リチウムイオン電池は91年、ソニーが世界で初めて商品化。その後、東芝や旧三洋電機なども相次ぎ製品化しました。ニッケル・カドミウム電池(ニッカド電池)などの二次電池に代わって、90年代半ばからポータブルCDプレーヤーやノートパソコンなどへの搭載が広がり、電子機器の小型化が進みました。特に携帯電話の軽量・小型化は世界の通信環境を一変させました。リチウムイオン電池は日本のエレクトロニクス産業を支える商品として、日本製が世界で高いシェアを占めましたが、2010年ごろから韓国や中国のメーカーが台頭し、市場での立場が逆転しました。

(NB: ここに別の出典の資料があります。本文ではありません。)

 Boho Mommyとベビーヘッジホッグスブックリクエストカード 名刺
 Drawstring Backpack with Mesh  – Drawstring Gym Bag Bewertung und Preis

リチウムイオン電池は近年、ハイブリッド車や家庭用蓄電装置、国際宇宙ステーションなどでも使われ、需要はさらに拡大しています。特に、従来のニッケル水素電池と比べ数倍のエネルギーをためられるうえ、電圧が高く大きな出力(パワー)が得られるため、EVへの普及が進んでいます。調査会社の富士経済(東京・中央)は、19年は4兆7855億円の世界のリチウムイオン電池の市場規模が22年には7兆3914億円に拡大すると予想しています。